La police a arrêté plus d’une trentaine de personnes au soixantième anniversaire d’indépendance de la Mauritanie, célébrée en grande pompe le 28 novembre 2020. Comme chaque année, les Mauritaniens fêtent différemment cette journée, entre la joie festive des uns et le deuil des autres.

Manifestation pour réclamer justice le 28 novembre – Crédit Aidara

Pour les Négro-mauritaniens, le 28 novembre a cessé d’être l’anniversaire de l’indépendance de la Mauritanie.
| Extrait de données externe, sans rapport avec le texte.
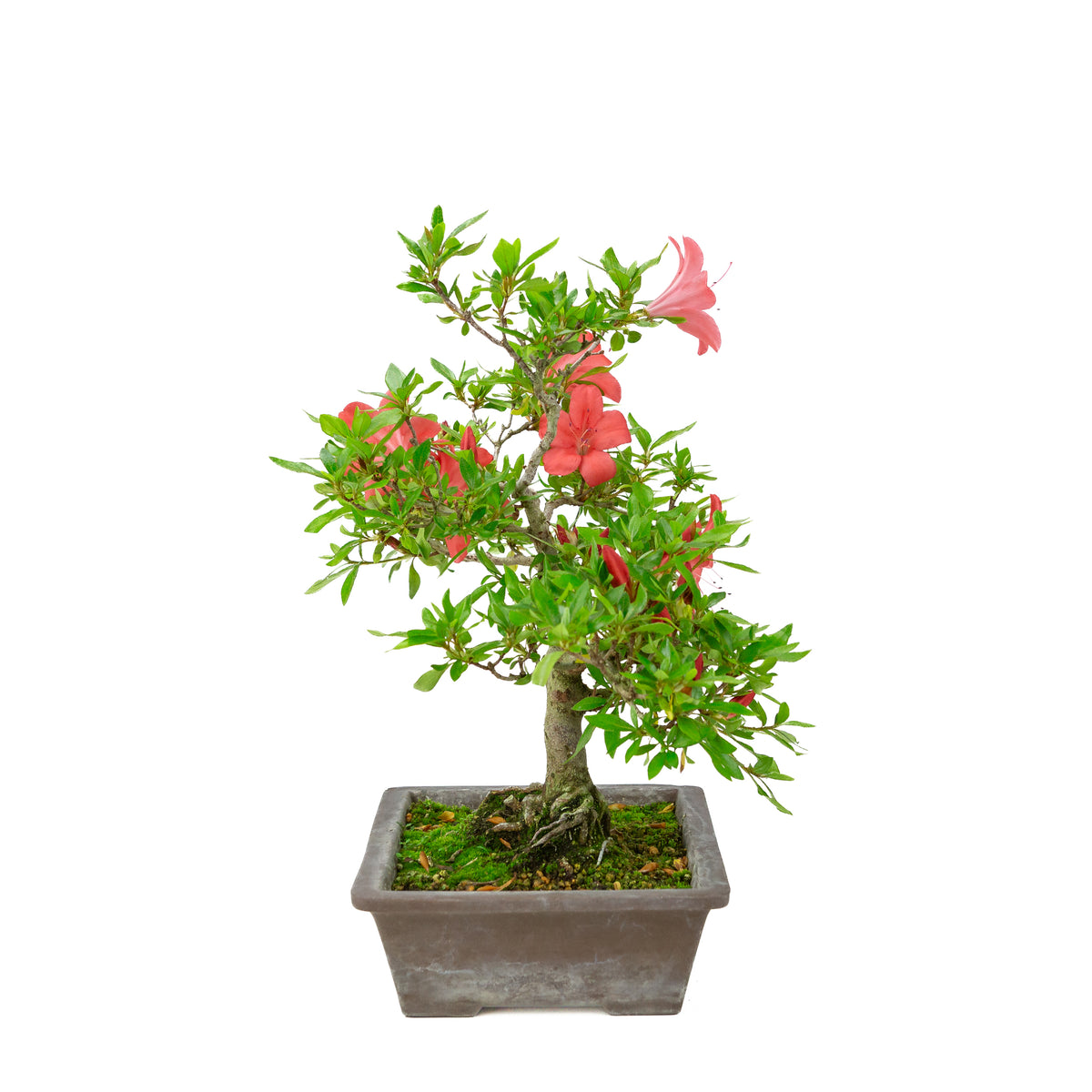 Rhododendron indicum (azalea satsuki), altezza ~40cm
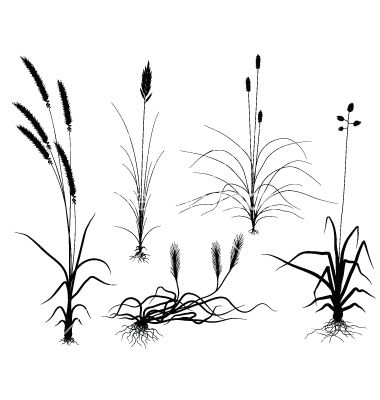 Download tall grass clipart silhouette 20 free Cliparts | Download ...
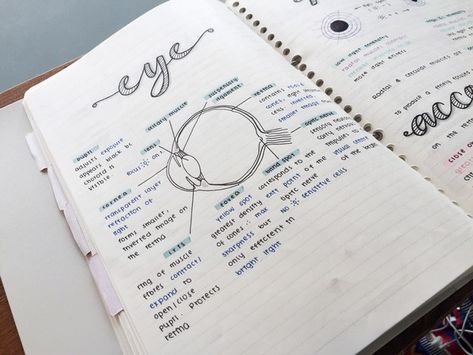 The word “eye” is nicer than anything I’ve ever drawn in my entire life. | 25 Studying Photos That Will Make You Want To Get Your Shit Together Notes Life, Back To University, Eye Anatomy, College Notes, Science Notes, Biology Notes, Study Organization, Pretty Notes, Notes Inspiration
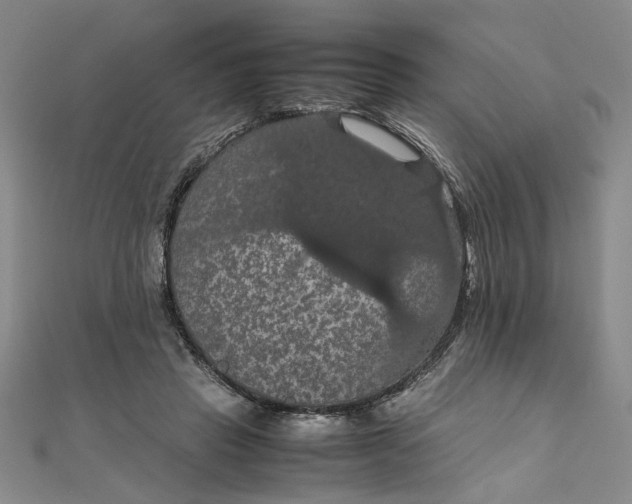 X0000111860453200908061339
C’est une journée sombre, à la veille de laquelle, vingt-huit personnes auraient été exécutées en 1991, dans la base militaire d’Inal. Aujourd’hui, les veuves, les orphelins et les militaires rescapés de ces années de braise ont tenu à célébrer cette journée à leur manière. À quelques encablures d’une parade militaire à laquelle tout le gotha de la République assiste, avec des officiers supérieurs accusés d’avoir trempé dans ces exécutions sommaires. La police a maté la marche organisée à partir du rond point Madrid, et arrêté plus d’une trentaine, avant de les conduire dans différents commissariats de Nouakchott.


Une parade et un discours prometteur

À quelques mètres de la mêlée entre forces de l’ordre d’une part et rescapés de l’autre, la fête de l’indépendance bat son plein sur la grande avenue de l’ancien aéroport. Devant la tribune officielle où trône le président Mohamed Cheikh Ghazouani, les troupes drapées de leurs plus beaux atours paradent avec panache, sous les applaudissements de la foule. L’image de deux Mauritanie parallèles, l’une fêtant dans la joie et l’allégresse l’anniversaire de l’indépendance et l’autre, portant le deuil et la tristesse.

La foule au rond point Madrid – Crédit Aidara

Ces douloureux évènements des années 1989-1991 continuent de plomber une unité nationale brisée. Les gouvernements successifs, tous d’obédience militaire, ont compté sur le temps, y voyant le seul moyen de purger la conscience de milliers de Négro-africains. Ces derniers réclament un devoir de mémoire, de justice et de réparation, pour régler ce qu’il est convenu d’appeler le «Passif Humanitaire».

Certes, il y a eu les efforts du gouvernement du défunt président Sidi Mohamed Ould Cheikh Abdallahi, qui avait jeté les prémisses d’une solution. Ce dernier avait aussi, pour la première fois, présenté les excuses de l’Etat mauritanien pour toutes les exactions commises entre 1989 et 1991. Mais un coup d’état militaire l’a rapidement détrôné, après quinze mois à la présidence de la République. Il y a aussi eu Kaédi et les indemnisations sommaires de quelques victimes, mais la question du «passif humanitaire » reste entière.

Dans son discours prononcé pour l’occasion, le président Ghazouani dit avoir pris des mesures sociales d’envergure. Mais les vrais problèmes de la Mauritanie sont ceux qui minent l’unité nationale. À savoir l’esclavage, et les exactions commises contre les Négro-mauritaniens, qui restent tabous.